Nowadays, insightful data is readily available to help you refine logistics decisions, like purchasing, plus pinpoint areas for cost-savings, growth opportunities, and everything in between. Here are some key data groups that most order management tools and fulfillment partners readily provide:

  • Product sales over a date range
  • Product profitability
  • Shipping costs per order
  • Product top sellers
  • Product slow movers
  • Overall sales by channel
  • Product sales by channel
  • Fulfillment and delivery rates
  • Packaging costs per order
  • Inventory stock-on-hand & low-level reports
  • Open purchase order reports
  • Returns, exchanges & reships

Of course, if you or your fulfillment center tracks detailed sales, inventory, and purchasing data, you can pull all types of custom reports. But the common ones listed above provide much of the data you need to make smart purchasing, product expansion, and cost-control decisions. Here are three ways to use these reports to make data-backed logistics management decisions:

Reorder Stock Based on Sales Numbers & Inventory Reports

Product sales data combines with inventory level and open purchase order reports help you accurately forecast which and how much of each item you need to purchase. This is an excellent way to control costs by preventing over-ordering of slow-moving goods, plus it keeps top-selling items in stock. This data also helps you predict any increased stock needs for seasonal fluctuations, like holiday sales.
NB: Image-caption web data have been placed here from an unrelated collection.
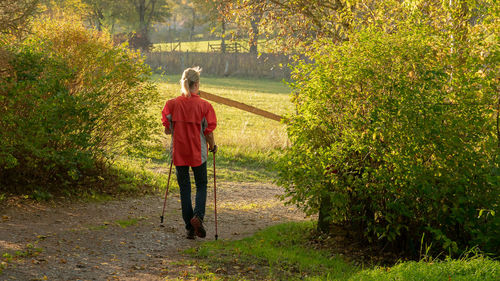 Rear view of woman walking in forest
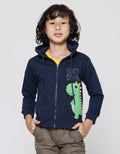 Little M Dino Aplikasi Jaket Terry Anak Laki-Laki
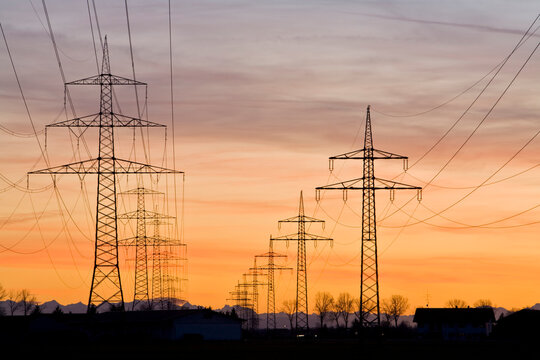 Germany, Bavaria, Pylons at sunset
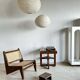 Large round suspension in rattan and natural linen, Japanese style, D:60.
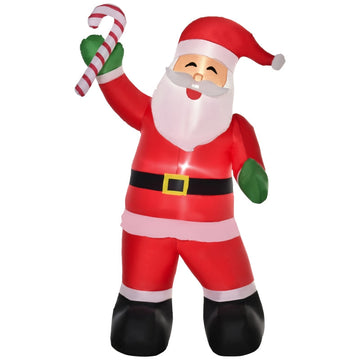Opblaasbare kerstman met LED-verlichting | Kleur: Wit+Rood+Groen | Afmetingen: 140x85x250 cm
Track Sales Trends for Product & Channel Expansion

Tracking what products sell best on which online sales channels helps you target areas for growth, both in your product line and the sales channels you use. Track your top sellers and slow movers by channel to pinpoint which channels you most profitable sales come from, and what those items are. With this information, you can explore opportunities for expansion of your line on your top channels. This data also shows you what doesn’t sell well on certain channels so you can rethink those efforts.

Control Costs & Meet Fulfillment Goals

Tracking every sales-related cost possible, including per-sale cost of goods, packaging, and shipping help you determine the profitability of every item you sell, and every sale you make. This data is key in pinpointing areas for savings that lead to increased profits. And, regularly reviewing your fulfillment and delivery rates tells you how fast you get your products into customers hands.
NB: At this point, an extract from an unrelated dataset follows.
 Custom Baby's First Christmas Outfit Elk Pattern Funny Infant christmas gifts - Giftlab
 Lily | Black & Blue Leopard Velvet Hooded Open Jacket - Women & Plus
If you outsource your order fulfillment, this data helps you keep an eye on your fulfillment partner’s performance and cost controls. Or, if you handle fulfillment internally, this data can help you determine your fulfillment efficiency. If you find it’s lagging in this area, you can use this data to see if an outsourced solution like ShipBob might be a more efficient and cost-effective solution.

The Bottom Line

Sound logistics management is based on the concept that every supply chain and fulfillment logistics element is interdependent. Your primary goal is ensuring all tasks under each element happen as expected, and any fluctuations are quickly addressed. To make it all work, you must constantly monitor every cog in your logistics wheel. That means understanding how these elements connect, like how delayed stock affects order fulfillment; identifying the weak spots, like unreliable vendors or weather delays; and enabling fast communications when things go wrong, as they invariably will.

When looking at ways to put a logistics management plan in place, be sure to keep both your budget and the value of your time in mind. At first, managing every aspect in-house might seem less costly than outsourcing. But you must factor in the time you or your staff spend accomplishing key tasks. Ask yourself where that time is better spent: On repetitive functions like order fulfillment? Or on growth-driving activities like product sourcing? Once you do that, you might find that outsourcing one or more of the following functions, like order fulfillment to a partner like ShipBob, is the best solution.